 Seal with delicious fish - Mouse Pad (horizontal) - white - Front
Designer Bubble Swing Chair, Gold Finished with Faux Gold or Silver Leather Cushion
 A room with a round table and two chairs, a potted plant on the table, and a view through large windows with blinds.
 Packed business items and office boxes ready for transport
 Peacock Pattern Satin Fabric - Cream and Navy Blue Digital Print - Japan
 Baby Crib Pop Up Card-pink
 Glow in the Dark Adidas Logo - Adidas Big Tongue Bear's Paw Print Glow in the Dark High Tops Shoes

* * *

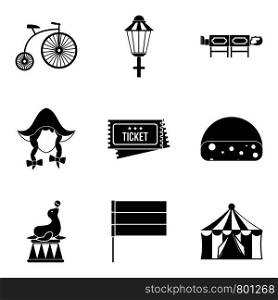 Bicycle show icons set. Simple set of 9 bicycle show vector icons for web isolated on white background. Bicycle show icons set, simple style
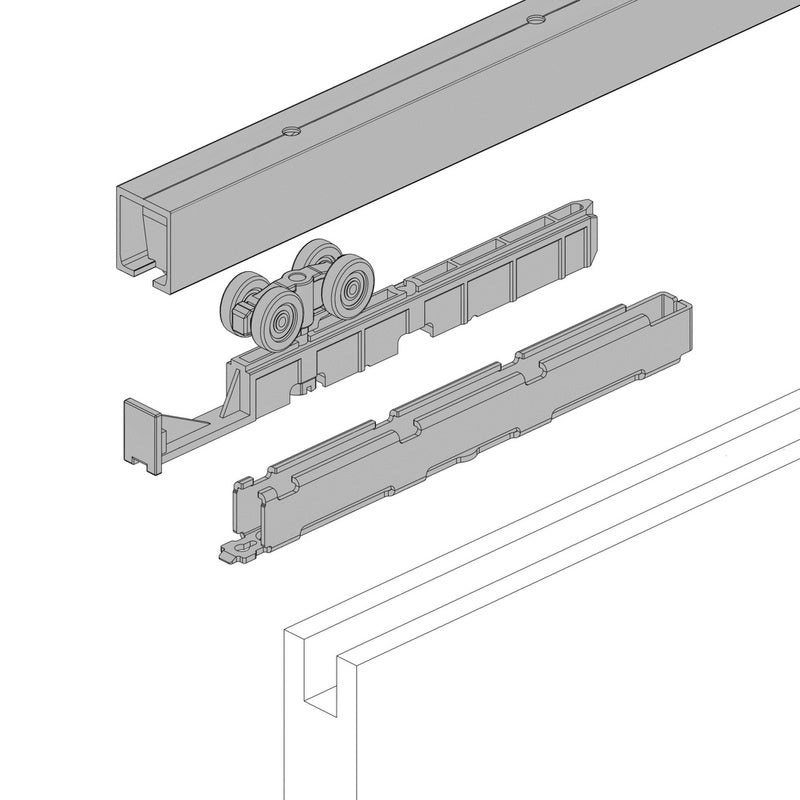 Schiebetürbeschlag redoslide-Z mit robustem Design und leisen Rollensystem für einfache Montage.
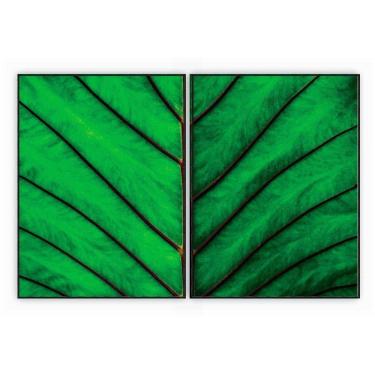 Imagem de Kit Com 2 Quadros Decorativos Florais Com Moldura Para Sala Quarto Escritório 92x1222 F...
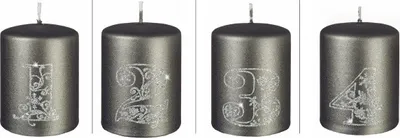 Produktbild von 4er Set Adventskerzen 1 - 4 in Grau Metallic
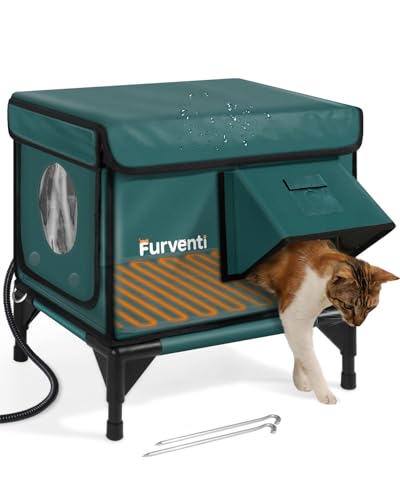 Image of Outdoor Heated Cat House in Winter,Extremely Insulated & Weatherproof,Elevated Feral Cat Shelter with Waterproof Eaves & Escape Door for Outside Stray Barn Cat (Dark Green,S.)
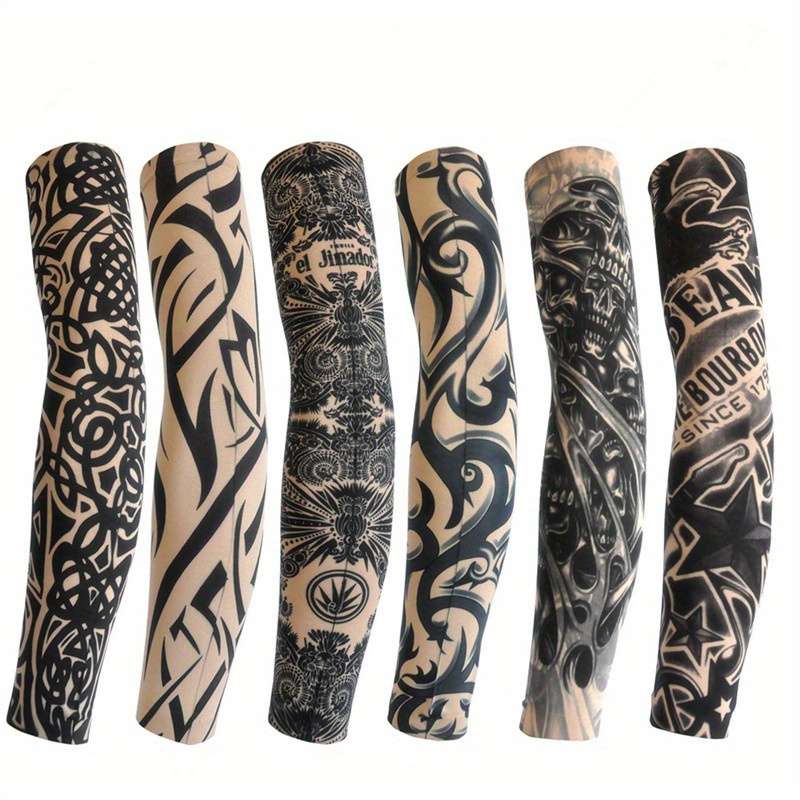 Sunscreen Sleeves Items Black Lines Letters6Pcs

WHAT YOU HAVE TO DO: Every line above from the line with "Packed business items" to the line with "Glow in the Dark Adidas", inclusive, must be returned exactly; no other line belongs in the reply.

EXERCISE RESPONSE:
 Packed business items and office boxes ready for transport
 Peacock Pattern Satin Fabric - Cream and Navy Blue Digital Print - Japan
 Baby Crib Pop Up Card-pink
 Glow in the Dark Adidas Logo - Adidas Big Tongue Bear's Paw Print Glow in the Dark High Tops Shoes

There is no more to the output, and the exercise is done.